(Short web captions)
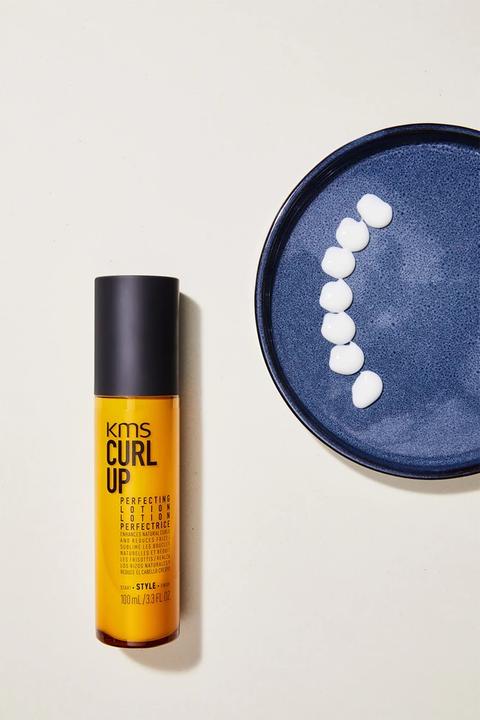 Produktbild KMS California Curlup Perfecting Lotion (100 ml)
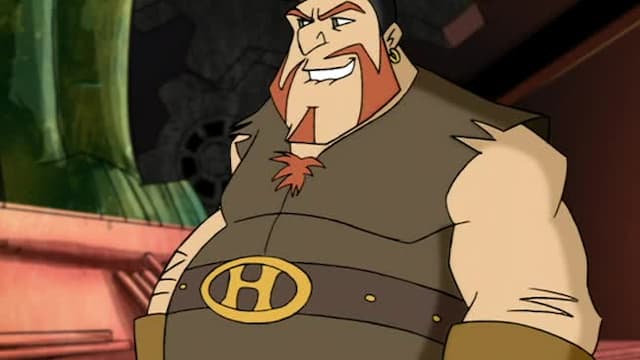 S01:E07 - El mecanismo de Antikythera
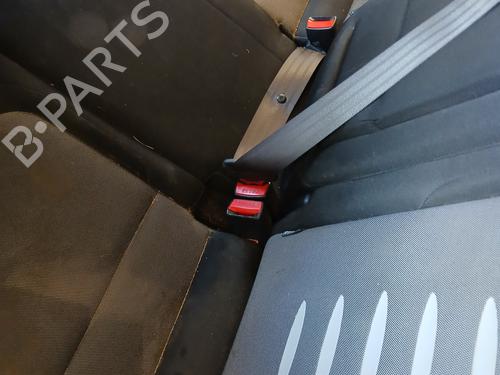 Seat buckle KIA CEE'D SW (ED) | BP36010261I32 - Image 3
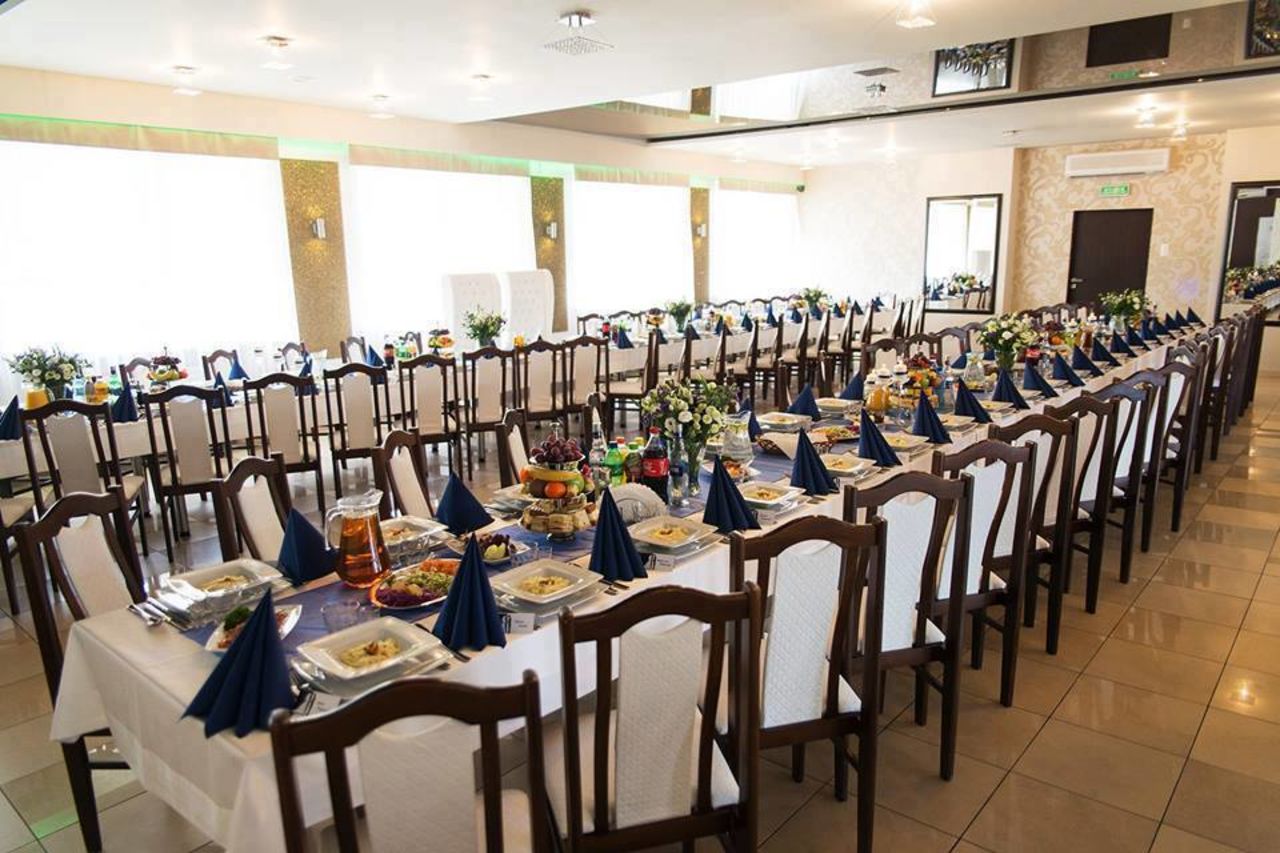 Sala przyjęć okolicznościowych Lea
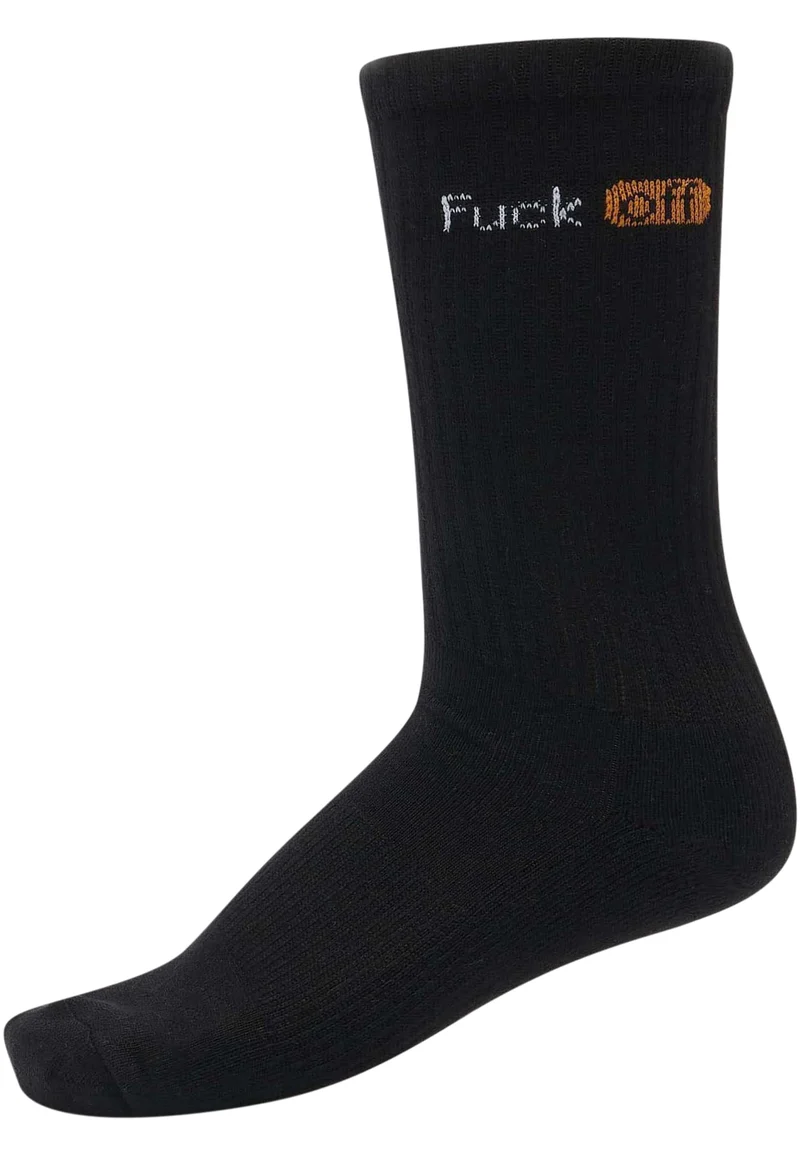 MT Fuck Off Socks 6-Pack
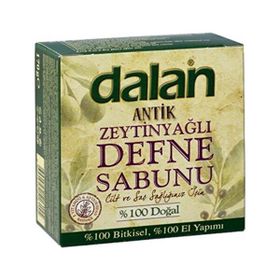 Dalan Antik Zeytinyağlı Defne 150 gr Katı Sabun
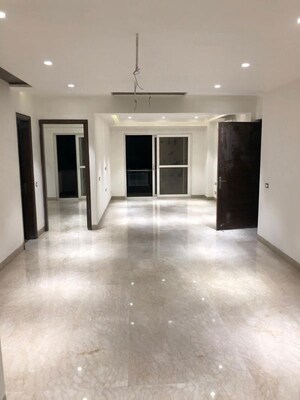 3 BHK Builder Floor For Sale in Sushant Lok I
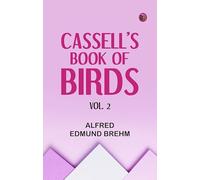 Cassell's book of birds vol. 2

### [THE TASK]
Could you copy out every record exactly, minus the pictures?

### [REPLY TO THE EXERCISE]
 Produktbild KMS California Curlup Perfecting Lotion (100 ml)
 S01:E07 - El mecanismo de Antikythera
 Seat buckle KIA CEE'D SW (ED) | BP36010261I32 - Image 3
 Sala przyjęć okolicznościowych Lea
 MT Fuck Off Socks 6-Pack
 Dalan Antik Zeytinyağlı Defne 150 gr Katı Sabun
 3 BHK Builder Floor For Sale in Sushant Lok I
 Cassell's book of birds vol. 2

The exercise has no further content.